The DISR Medium Resolution Imager
frames are Flatfield corrected. More...
Scalebar:
The scalebar in the image above is the result of two different attempts
to scale the mosaic. The scalebar should be around 10 km based
on a calibration on Huygens DISR High
Resolution Imager frame 448, that was published to have a scale of
40m / pixel. A scaling on other Huygens frames results in the scalebar
to be around 8 km long.
A calibration on the Cassini ISS images (see below) on the other hand
results in the same
scalebar being 20 km long. This calibration bases on the assumption
that the correlation between the
Huygens Mosaic and the Cassini ISS
Images below is correct.
|
|
|
Huygens Large Surface Coverage Mosaic with
raw image labels
The Large Suface
coverage mosaic with labels which frame was used in what location, so
my positional arrangement and photometric representation may be
checked for correctness.
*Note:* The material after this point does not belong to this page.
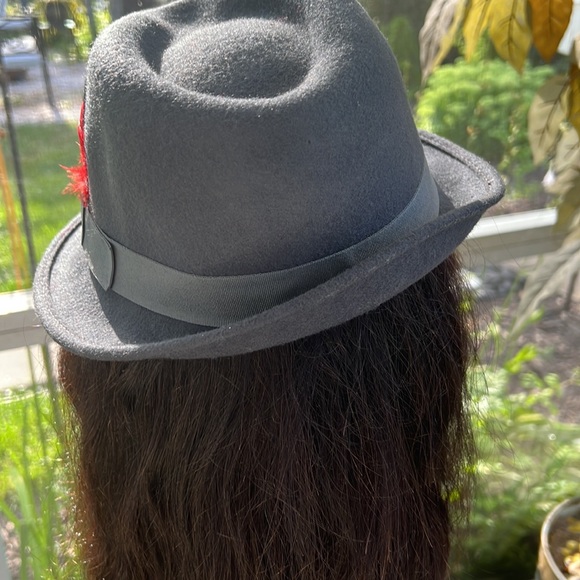 Grey  felt hat with red feather used worn very classy !! - Picture 4 of 6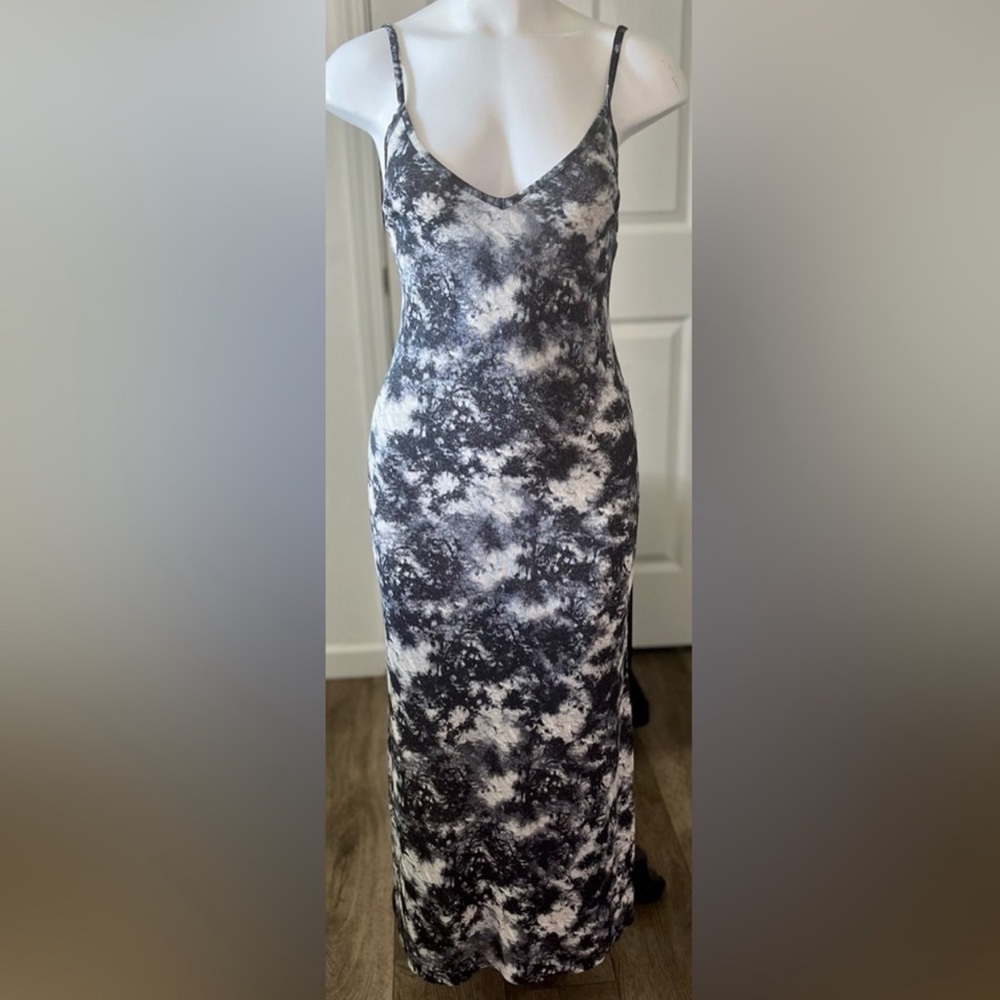 ✨ Zara Tie Dye Bodycon Maxi Dress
Sorry for the delay, originally I wanted to
publish this somewhat earlier.
Frame 283 MRI Footprint:
For frame 283 the DISR MRI footprint is shown; the cross marks the
position above the ground Huygens was located at the moment this frame
was obtained. By finding this position for all frames, Huygens
horizontal drift path may be reconstructed; nick and roll movements of
the probe will introduce errors in this reconstruction.
Frame 280:
I am not shure about the correctness of its position, maybe it is to be
located slightly further to the right (east).
Frame 247:
The position of this frame is best found with help of frame number 262
(not shown).
General:
for the center many frames with much better resolution can be found; up
to now
I only inserted some of them, especially for the prominent shoreline
and the landing site. Labels are only shown for the outer frames where
the positional correlation is more difficult.